Exercise data START

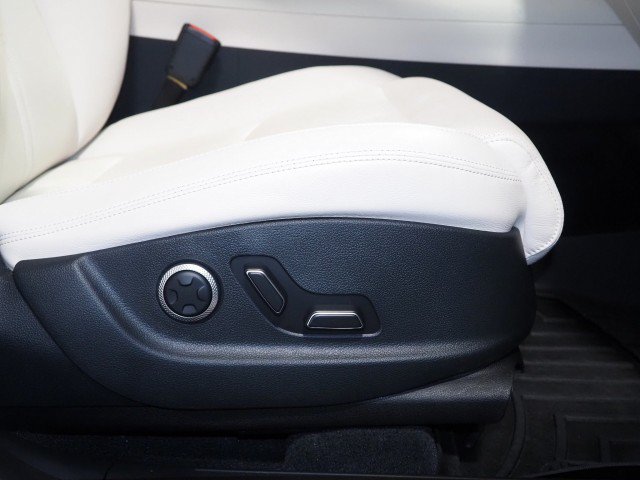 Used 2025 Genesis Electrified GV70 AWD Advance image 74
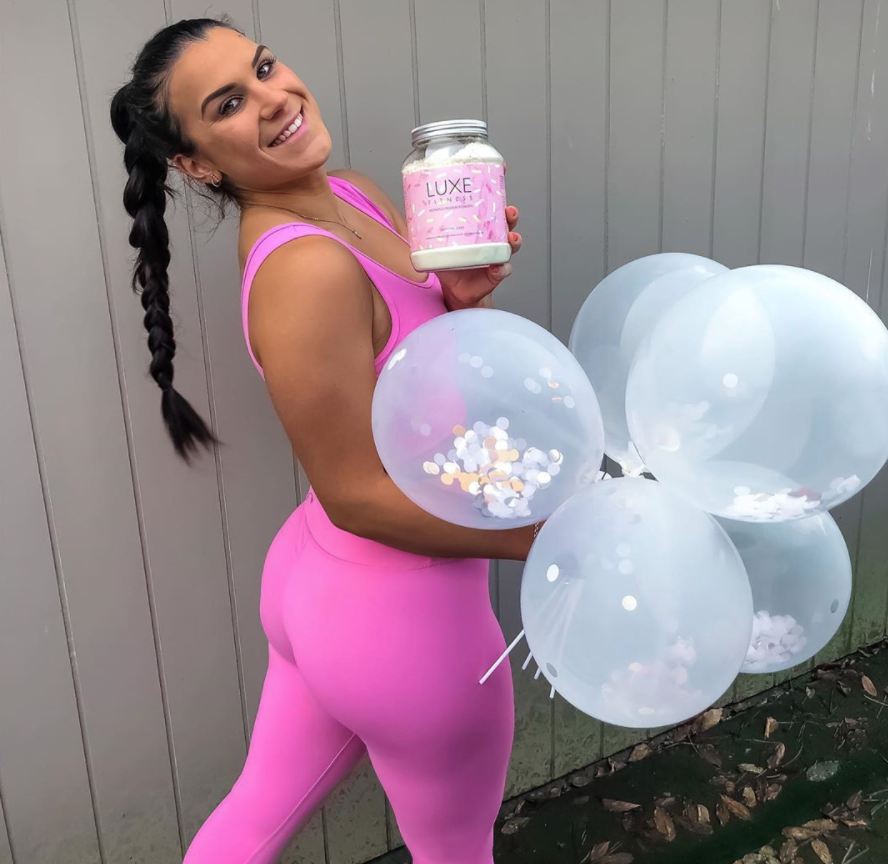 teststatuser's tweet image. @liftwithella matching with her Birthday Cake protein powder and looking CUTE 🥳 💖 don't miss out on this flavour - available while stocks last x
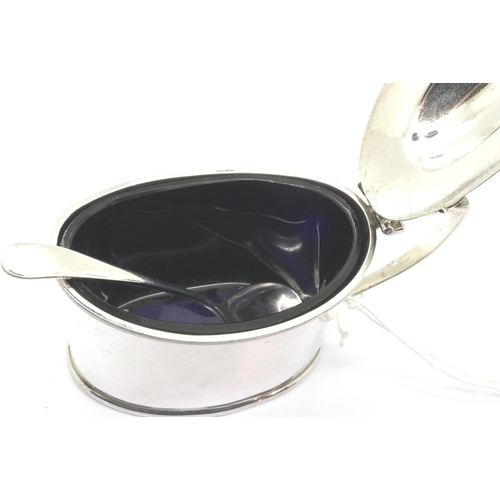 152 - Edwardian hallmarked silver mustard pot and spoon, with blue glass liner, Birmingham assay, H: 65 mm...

Exercise data END

Work request> Leave the pictures out and restate the listing word for word.

Response area>
 Used 2025 Genesis Electrified GV70 AWD Advance image 74
 teststatuser's tweet image. @liftwithella matching with her Birthday Cake protein powder and looking CUTE 🥳 💖 don't miss out on this flavour - available while stocks last x
 152 - Edwardian hallmarked silver mustard pot and spoon, with blue glass liner, Birmingham assay, H: 65 mm...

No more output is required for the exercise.